Thursday, March 21, 2019

A Better Bye.

I write this post for the powers that be, match directors, Marshals, club officers and the CFDA.  This is sometime that you should think about and maybe experiment a bit with.

We love the CFDA bye even though it is inherently unfair. We love it because it is unfair. We all look forward to being that lucky shooter that advances without competing. It is not going away because we love it so much, but maybe there is room for improvement in some events.

For illustration, I am going to talk about the Old Timers Category at the Texas State Championship.  There were 7 shooters and it was  a 3x last man standing event which took 10 rounds to resolve.  It took 10 rounds because the event winner lost his first match and therefore 19 loses were required. Because of CFDA byes one shooter did not compete in each of the first 8 rounds.  The  first 3 rounds (7 shooters) produced 9 loses. The next 3 rounds (5 shooters) produced 6 loses. The next 2 rounds (3 shooters) produced 2 loses. The last 2 rounds (2 shooters) produced 2 loses, for a total of 19 loses resolving the issue.  Ten rounds were required because in the first 8 rounds one shooter did not compete in the match format.  In additions to the 10 match format rounds, 8 shoot offs were required to allocate the bye.  That is a total of 18 rounds.

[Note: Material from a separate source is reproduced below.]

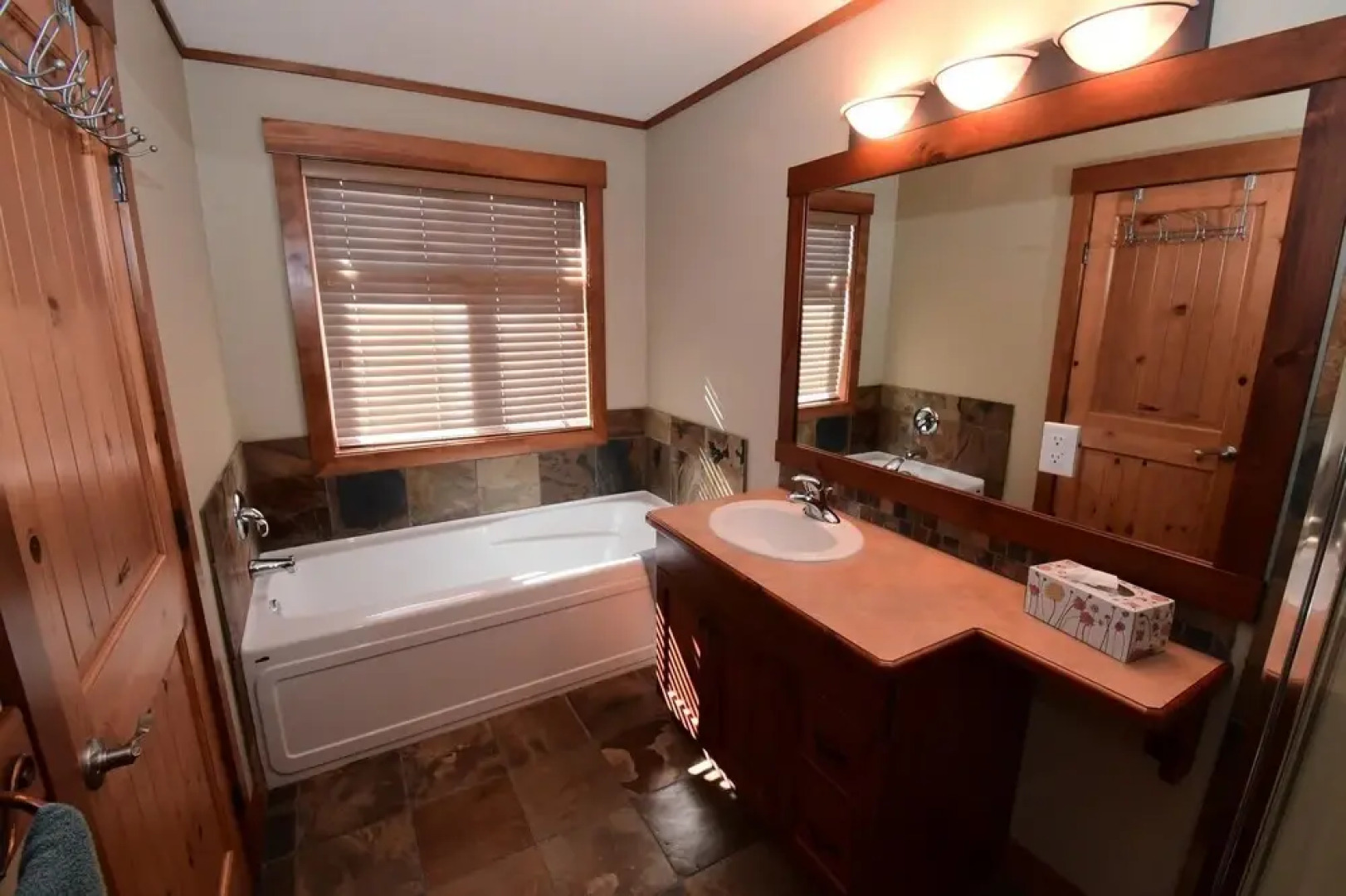 Towering Pines Chalet - Comfortable and Cozy Chalet with Spectacular Views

Now what happens if every shooter is required to compete in every round.  In the first 3 rounds (7 shooters), there would be 12 loses. In the next 2 rounds (5 shooters) there would be 6 loses.  Then in the final round (2 shooters) there would be 1 lose for a total of 19 loses.  The matter would have been resolved in 6 rounds with no shoot off rounds.  So you go from requiring 18 rounds to 6 rounds.

It shortens up the match to such an extent that in the same amount of range time you could have shot a 4 x.  Four x would have required 25 loses.  Probably 4 rounds at 7 shooters for 16 loses, 2 rounds at 5 shooters for 6 loses, 1 round at 3 shooters for 2 loses and 1 round at 2 shooters for 1 lose for a total of 25 loses.   The matter would have been resolved in 8 rounds using 4 x if you eliminate the noncompeting CFDA bye procedure.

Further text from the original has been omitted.